May 21, 2020
April 8, I had a post (Othering) about the barricade some people from my village had put up. The idea was to keep out anyone from other local communities potentially carrying the Covid-19 virus. The flaw to my mind was the obvious one that the disease doesn’t come from “them” (hence my title), but from all of us behaving unthinkingly and carelessly. May 19, my post (Oh, I’ve Seen Fire…) was about the first serious forest fire of the season here.
The fire is now out, though water-bombing helicopters were still finishing off its last flare-ups this afternoon. And to the relief of many of us, after a violent altercation yesterday, last night it was decided to take down the barricade. People from here can now move into town freely, without “activists” from the community interrogating or inspecting us. The barricade might have helped protect us, but with only eight official cases in a municipality of 42,000, we’ve so far dodged the bullet.
Which brings me to a different concern: the swallows. They’re here, and they want to nest, but the rain isn’t coming.
A cliff swallow, Petrochelidon pyrrhonota. Photo: Wikipedia Commons.
We did have a few showers earlier in May, and as a result puddles appeared. And when there are puddles here, there’s mud. But then the mud dried up, and while we’d be happy to have a cooling rainstorm or two, it’s stayed dry for two weeks. As a result, the swallows have not been able to rebuild their nests and lay eggs.
As far as I can determine, our swallows are the same cliff swallows from the Petrochelidon pyrrhonota species as the famous ones that come each year to San Juan Capistrano in California. Like those, they build their neat nests on the side of houses, mostly under eaves or the roofs of balconies.
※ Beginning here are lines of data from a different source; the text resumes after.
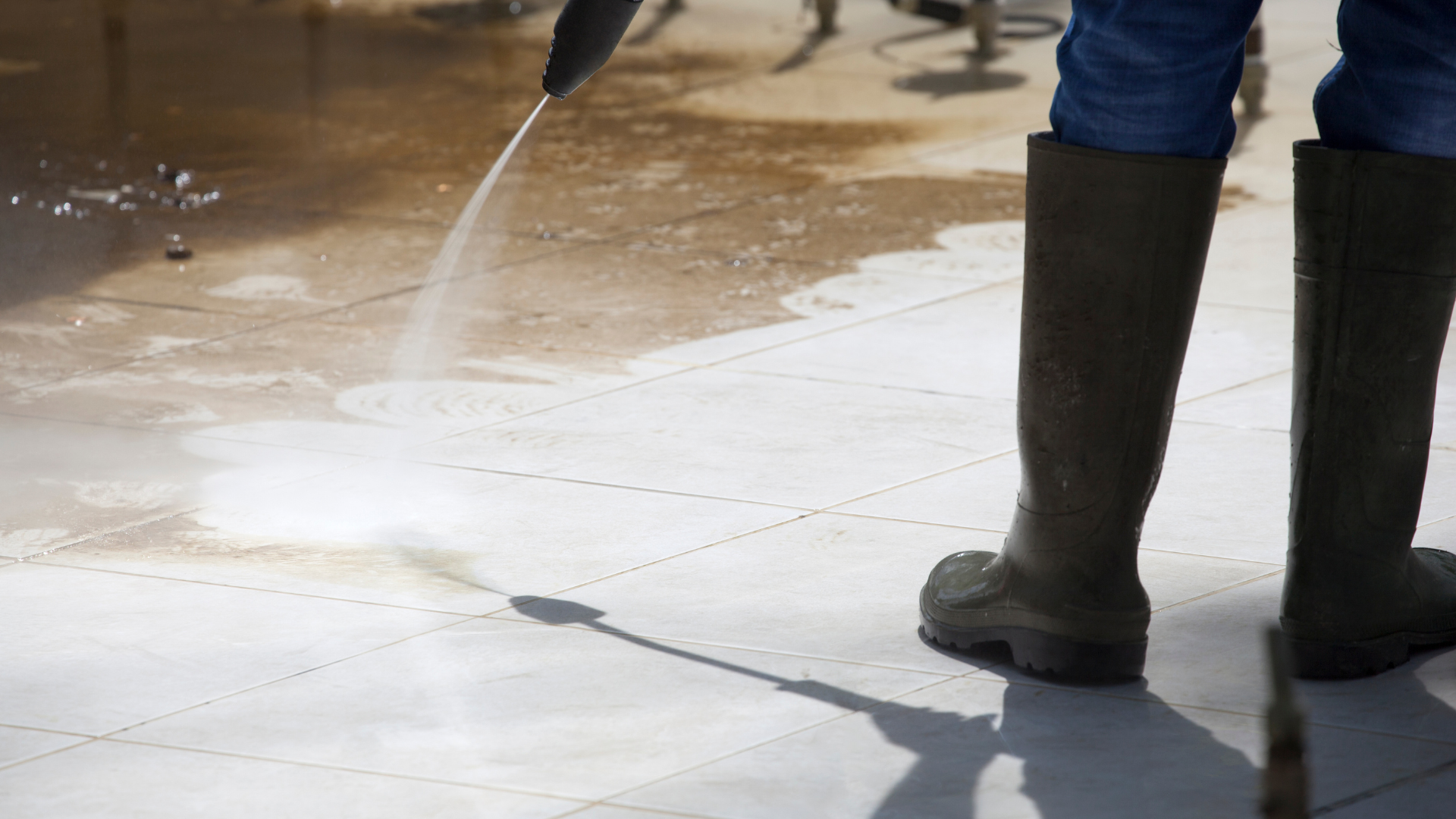 Person in tall rubber boots using a pressure washer on a dirty, tiled floor.
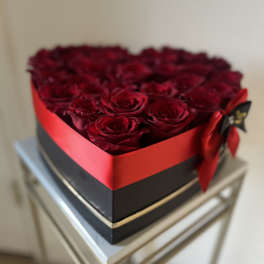 Heart-shaped box filled with red roses and tied with a red ribbon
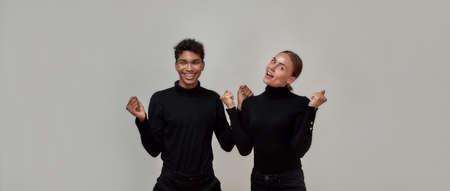 Excited young guy and woman dressed in black smiling at camera, doing a winner gesture together, standing isolated over gray backgroundの写真素材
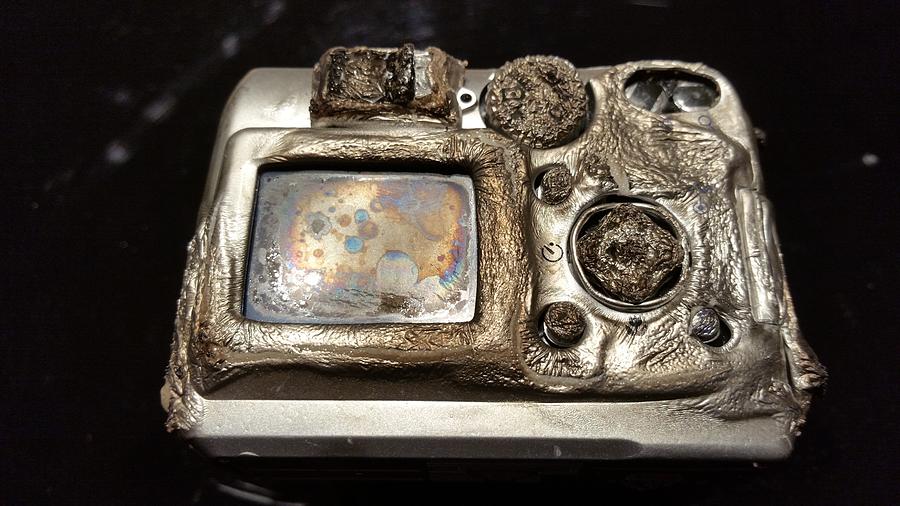 Melted camera Photograph by Carmine Taverna | Fine Art America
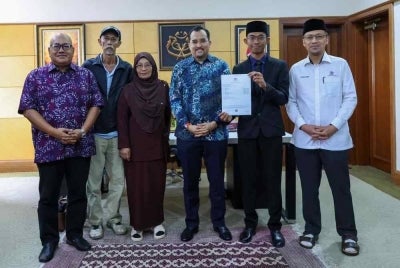 Fakhrul Iman (dua dari kanan) bersama ibu bapanya merakamkan momen indah bersama Asyraf Wajdi.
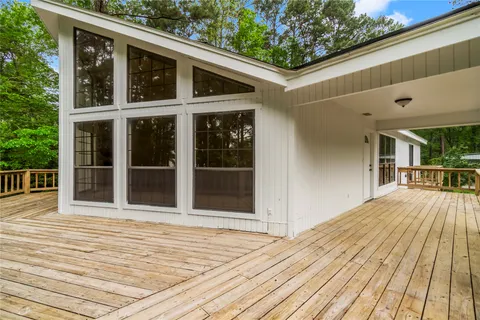 a view of balcony with wooden floor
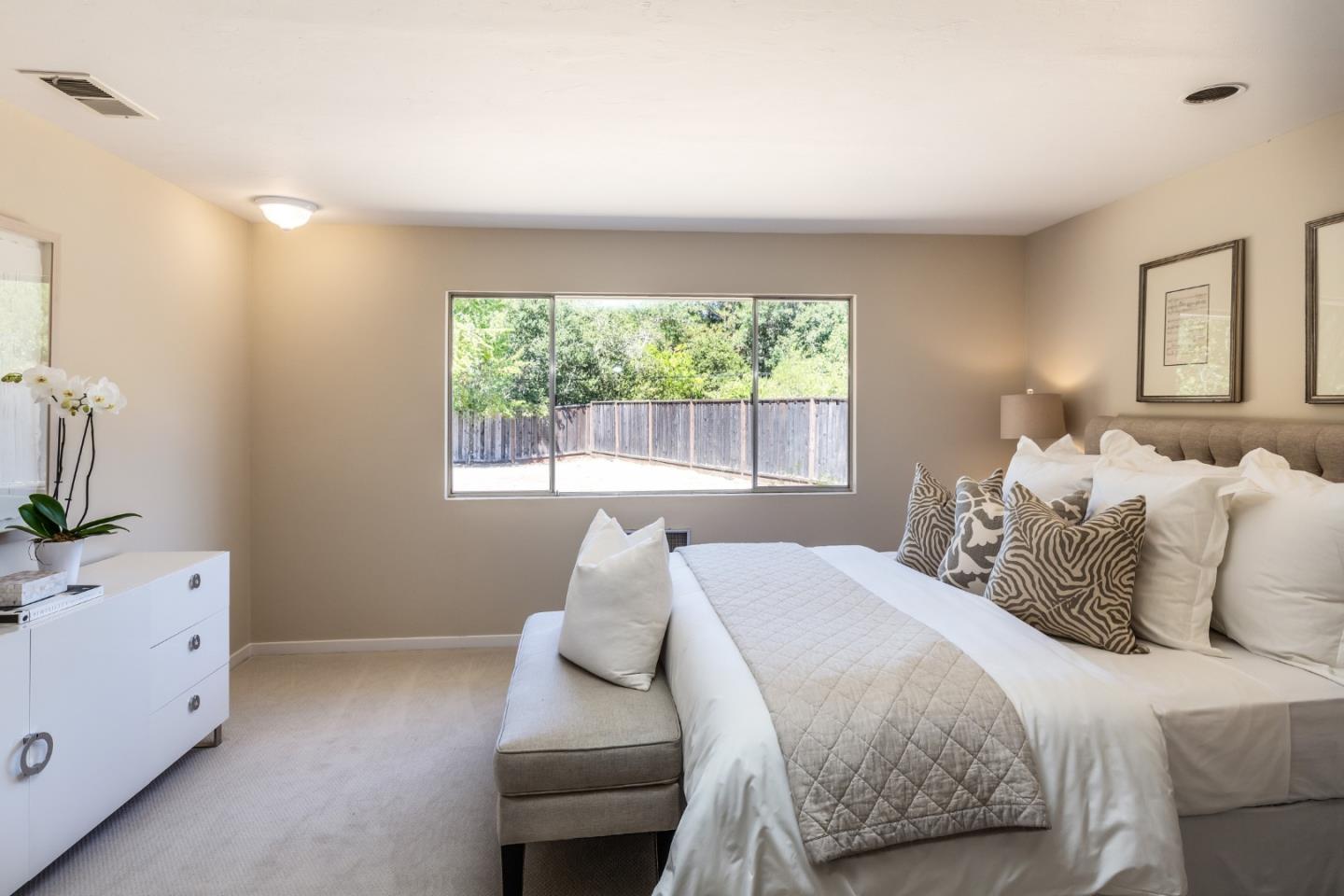 330 Corte Madera Road Portola Valley, CA 94028 - Photo 15 of 24 a bedroom with a bed and large windows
They’re relatively unafraid of humans, building just above arm’s reach, and you can watch the parents going in and out with food for their ravenous youngsters. At the first house I lived in here, we had a nest on the wall and the dogs would go crazy barking at the birds, which flew in beyond their ability to jump.
I’ve always regretted swallows have never set up house at this location. Yes, they poop on the ground a bit, but since they rear their young in the rainy season, the rains do a good job of cleaning that away. Their presence implies a blessing on any house they adopt as “theirs.”
But so far, as noted, the parents are mud-deprived, and can’t either build new nests or restore old ones. I see them swooping around, and I even tried to photograph a couple, but they move too fast for anything but a specialty camera with a high-speed lens. The best I could do was dig out a grainy photo of the nest at the old house.
The nest here was built using an outdoor light-bulb as a support.
Maybe I should have asked one of the helicopter pilots to water-bomb the village. The kids here love to watch the choppers on fire-dousing missions, and the birds could finally have started on their most important annual chore: developing avian real estate. But I’m just a little wary of community activists after five weeks of the barricade.